= What you will do =
Take nothing but the lines from the one with "4 Bedroom Detached" through the one with "Ford Focus 2018 — photo 2" in the entries below, both ends kept, and return them exactly with pictures left out.

= Material supplied =
━━━━━━━━━━
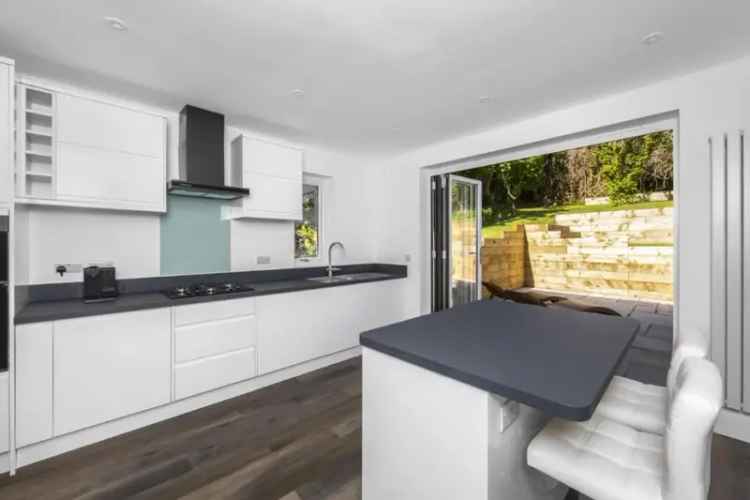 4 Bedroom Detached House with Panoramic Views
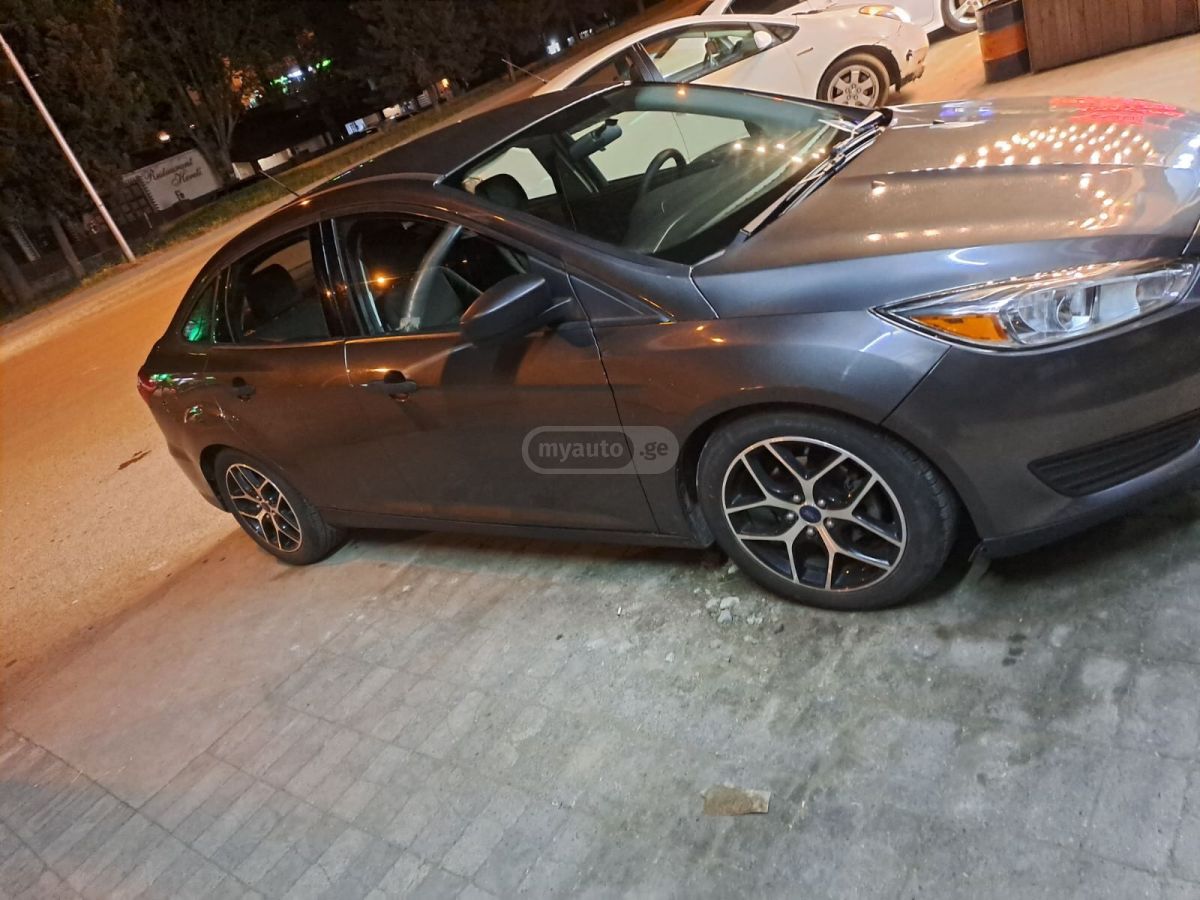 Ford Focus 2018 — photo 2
━━━━━━━━━━
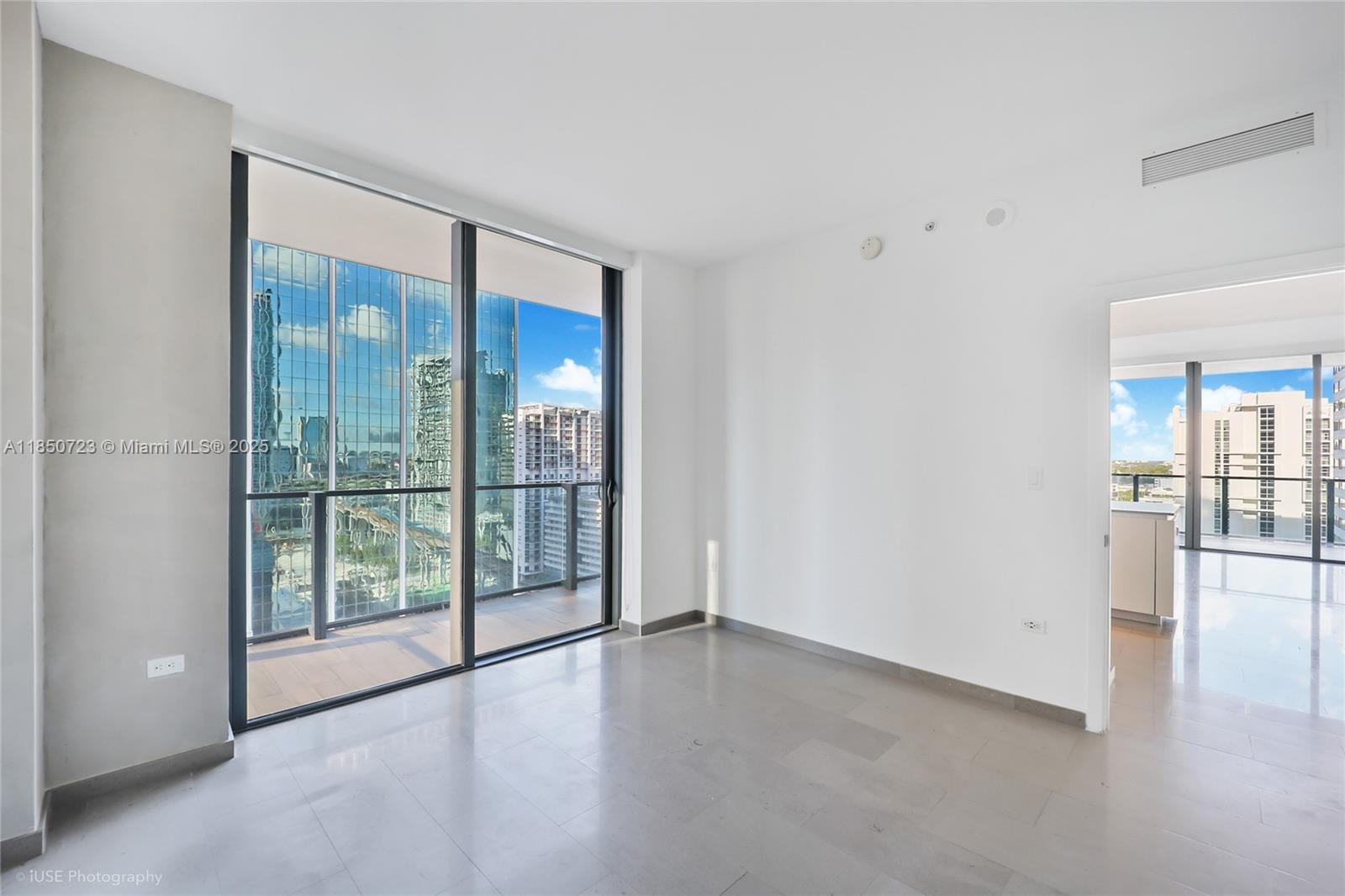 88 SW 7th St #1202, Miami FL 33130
━━━━━━━━━━
= The completed task =
 4 Bedroom Detached House with Panoramic Views
 Ford Focus 2018 — photo 2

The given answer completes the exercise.